Bug #321181 “Attribute searches are inefficient” : Bugs : Hypy

Revision history for this message

Cory Dodt (corydodt) wrote on 2009-01-25:

#1

Jamie: could you add a simple timing benchmark to this case so I can reproduce it more easily?

Revision history for this message

Cory Dodt (corydodt) wrote on 2009-01-25:

#2

Yes, please. It's important to be able to reproduce the bug using the same conditions that you saw so I know when I'm done fixing it. :-)

> Well, I have a moderately large benchmark, involving the creation of a
> 100k random documents from a dictionary of words, but it takes more than 1
> day to populate the data. However, it's not automated, so it may not fit
> your needs; with a big enough data set, you can count the seconds by hand
> (i.e, without using timeit) (I saw times to search drop from fifteen
> seconds to seven seconds.)
>
> If you'd still like it, I'll upload it to launchpad! (sorry for not
> opening a bug for the original patch.)

Revision history for this message

Jamie (jamieson-becker) wrote on 2009-01-29:

#3

Just a simple set of functions (wordlist included, could be supplemented with /usr/share/dict/words) to create random entries and insert into hypy to quickly and easily test searches etc across a large dataset.

Revision history for this message

Jamie (jamieson-becker) wrote on 2009-01-29:

#4

Build quick test dataset Edit (5.1 MiB, application/x-tar)

Very ugly code that just inserts a lot of records into the database. See README

Revision history for this message

Jamie (jamieson-becker) wrote on 2009-01-29:

#5

.. and the second version actually works ;-)

Revision history for this message

Cory Dodt (corydodt) wrote on 2009-02-20:

#6

Hi Jamieson,

I guess I need more information here.

- the testing.py code doesn't express any actual tests, so I don't know what you're comparing to what. What exact call is slow with the code the way it is, and would be made faster by your patch?
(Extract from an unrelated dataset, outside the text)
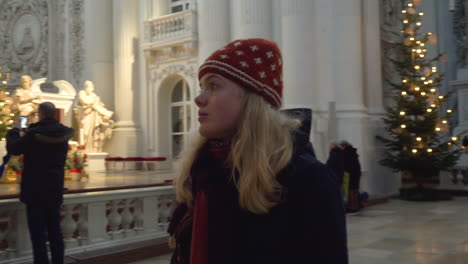 Blonde-Frau-Schaut-Sich-Im-Inneren-Der-Theatinerkirche-In-München-Um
- I tried your suggested patch and it seems to actually slow attribute searches down significantly. I added this to the bottom of testing.py:

if __name__ == '__main__':
loadup(10)

    t1 = time.time()
    search(u"CVE")
    t2 = time.time()
    search(attrs=[u"@title STRINC code"]) # **
    # search("*.**", attrs=[u"@title STRINC code"]) # **
    t3 = time.time()

print '%s seconds to search CVE, %s seconds to STRINC @title' % (t2-t1,
t3-t2)

I modified the ** line, and the code. Below, "unpatched" means original code, and "patched" means with your default-phrase modification. *.** means I used the search line with *.**, and "" means I used the other one.

I didn't test unpatched "" because it returns no results. Times shown are the best run out of about 3 for each, but the scale was consistent, each test relative to the others.

(unpatched *.**)
0.561604976654 seconds to search CVE, 0.153902053833 seconds to STRINC @title
(patched *.**)
0.429752826691 seconds to search CVE, 0.199048995972 seconds to STRINC @title
(patched "")
0.627918958664 seconds to search CVE, 0.226984024048 seconds to STRINC @title

The slowest one was the patched "" version.
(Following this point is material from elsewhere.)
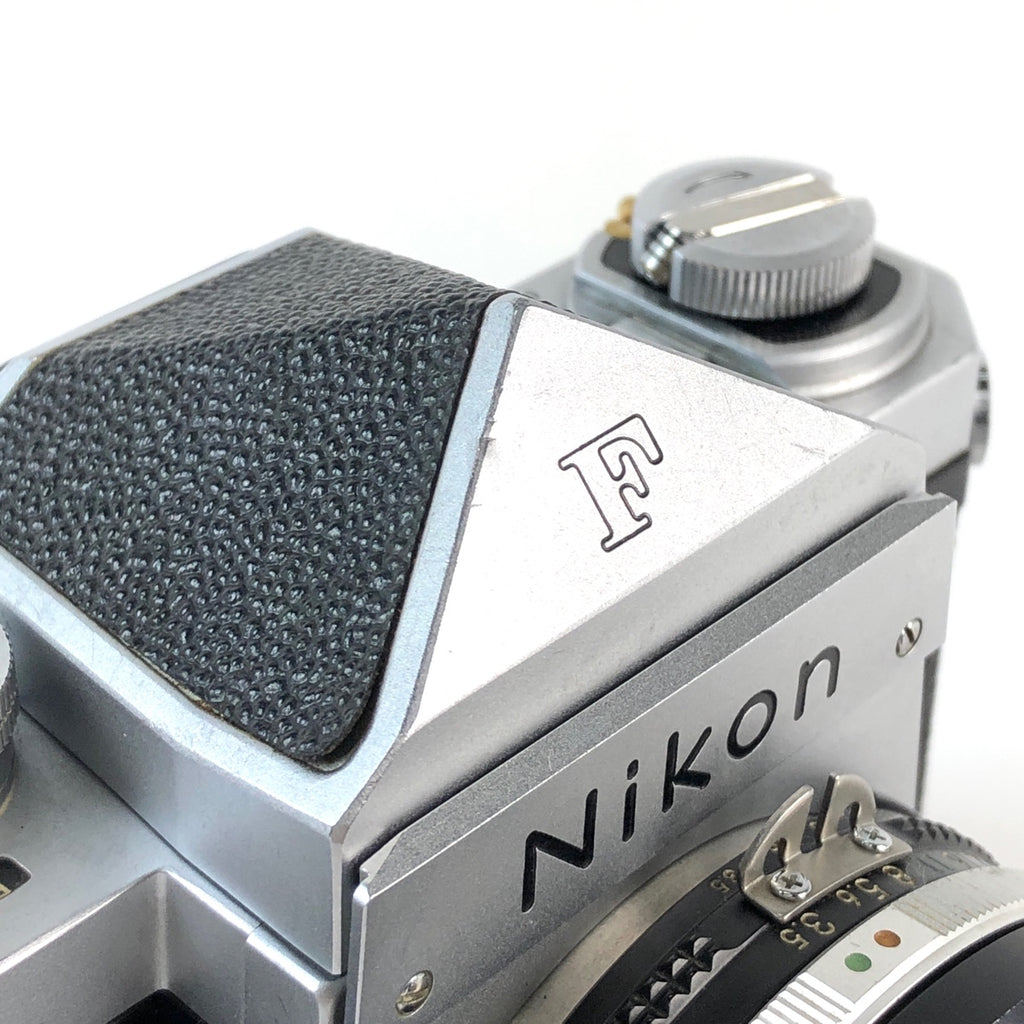 ニコン Nikon F アイレベル シルバー ＋ Ai-S NIKKOR 35-105mm F3.5-4.5 フィルム マニュアルフォーカス 一眼レフカメラ 【中古】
Revision history for this message

Cory Dodt (corydodt) wrote on 2009-02-20:

#7

OH. It was getting progressively slower each time, a very unexpected result, and I realized it wasn't cleaning up /tmp between each run. Fixed that, now I get these results:

(unp *.**)
0.0435090065002 seconds to search CVE, 0.0187568664551 seconds to STRINC @title
(p *.**)
0.0455119609833 seconds to search CVE, 0.0256581306458 seconds to STRINC @title
(p "")
0.0446078777313 seconds to search CVE, 0.0117180347443 seconds to STRINC @title

Which is consistent with what you described. So I will make this change. Not sure whether I want timing tests in the unit tests, but I will need to add a test for both "" and "*.**" attribute searches.

Changed in hypy:
assignee:	nobody → corydodt
importance:	Undecided → Medium
milestone:	none → 0.9
status:	New → Confirmed

Revision history for this message

Jamie (jamieson-becker) wrote on 2009-02-20: Re: [Bug 321181] Re: Attribute searches are inefficient

#8

Download full text (4.7 KiB)

Thanks for the excellent questions and thank you for taking the time to
investigate this so thoroughly!

That two line patch makes it possible to search HyPy without searching the
body fulltext for, well, everything: *.**

This is behavior that was exposed in the original Hyper Estraier C
interface but it looks like it was removed in order to simplify the
interface. The C interface does not run a body search unless you specify
it. It will search attributes only if you only request those, which is
clearly going to be faster (and is, as you'll see in tests)

The test code doesn't have any tests at all -- it's a stopwatch test. You
could use the UNIX time command to automate this a bit more or the timing
as you configured below. (timing tests are hard to express in a unittest,
of course, because you'd have to run it against a large enough corpus to
be meaningful and try to predict a ratio where the test would succeed or
fail, or just hardcode an expected lapsed time. Both are hard to do, but
they're not needed for this change since it's a basic architectural
change, not a change that can or should be tested for.)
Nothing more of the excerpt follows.